Let $S_i$ be the set of pure and $\Delta S_i$ the set of mixed strategies of player $i$. If \begin{align} \sigma=(\sigma_i,\sigma_{-i})\in\Delta S:=\Delta S_1 \times\dots\times\Delta S_n \end{align} is a NE of a mixed extension of a game, then for all $s_i,s_i^\prime \in \text{support}(\sigma_i)$: \begin{align} v_i(s_i,\sigma_{-i}) = v_i(s_i^\prime,\sigma_{-i}) \quad (*). \end{align} Here $\text{support}(\sigma_i)=\{s_i\in S_i: \sigma_i(s_i)>0\}$ and $v_i$ is the expected payoff for player $i$.

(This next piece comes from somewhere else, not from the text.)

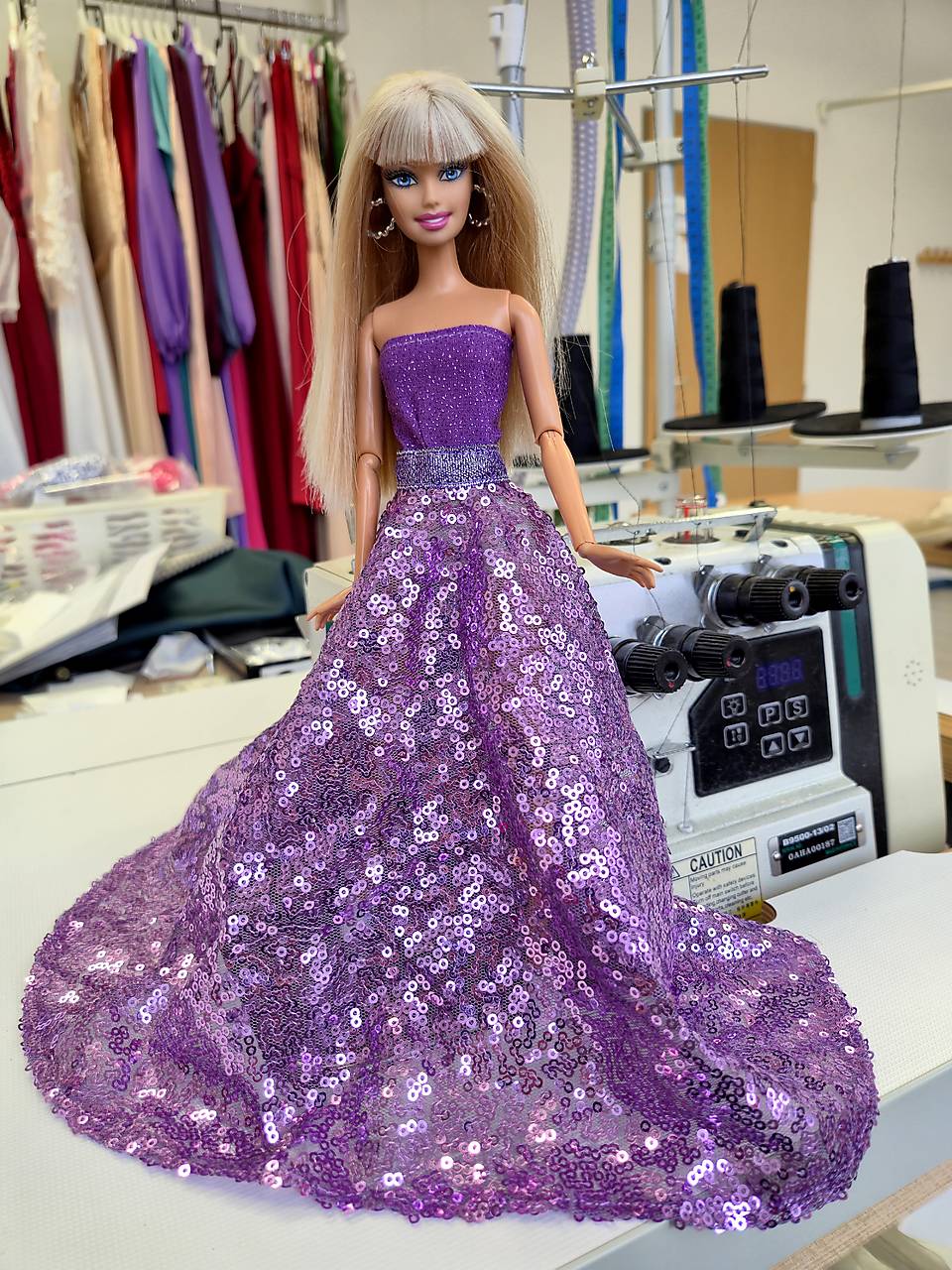 Flitrové spoločenské šaty pre Barbie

Now the point is that I used Eq. $(*)$ to derive two strategy profiles. Unfortunately Eq. $(*)$ is a necessary but not sufficient condition. So what one has to do after finding these profiles is check whether they really only contain best responses. And that is simply not the case for the second profile:

One can easily see that playing $Y$ if player 1 plays $\left(\frac{3}{4},\frac{1}{4}\right)$ yields a payoff $v_2=5$ whereas playing $\left(\frac{4}{5},0,\frac{1}{5}\right)$ only yields a payoff of $v_2=3.5$.